If you don't want your doctor to stick his finger up your butt, then that's exactly what you do. They don't have a right to finger your prostate, even though it might be beneficial to you.
Isn't that the same though as if you have ill gotten funds / drugs, I steal them from you but you cant report that.
I've still committed a crime against you but you cant report it due to the fact you committed a crime in the first place.
Kinda hard to feel sorry for a criminal being unable to report a crime.....
You don’t feel sympathy for sex workers, who in many places are unable to report being assaulted?

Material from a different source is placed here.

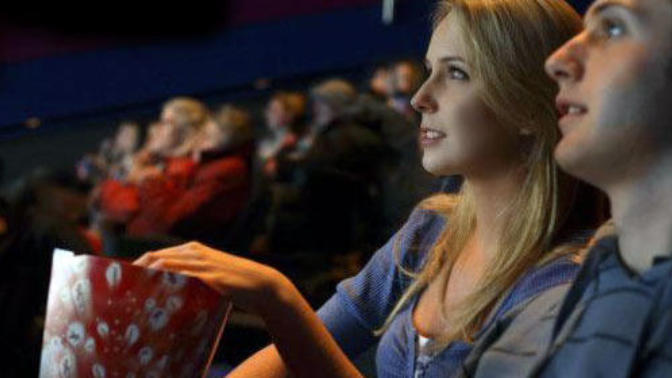 Film izlemeyi seviyor musunuz? Nasıl izlemeyi tercih ediyorsunuz?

Your example is having something you stole stolen from you. That’s not the same as doing something illegal, and having a completely different crime done to you. “I was jaywalking, and someone robbed me when i arrived on the other side of the street”. I can’t report it because I would have to explain why I was in the middle of the street without having walked past the shops on that side.
I know discussions here are often America-centric, but note that this depends on jurisdiction. E.g. in Sweden, the one selling sex is not a criminal, the one buying is.
But that won't happen. If you have evidence on your phone of a crime you committed you're not going to give the phone to the police to look at. Therefor we end up with no crimes solved instead of one. Ontop of that, because everyone knows that a criminal can no longer report a rape, there's a carte blanche to rape anyone who falls into that category without consequence.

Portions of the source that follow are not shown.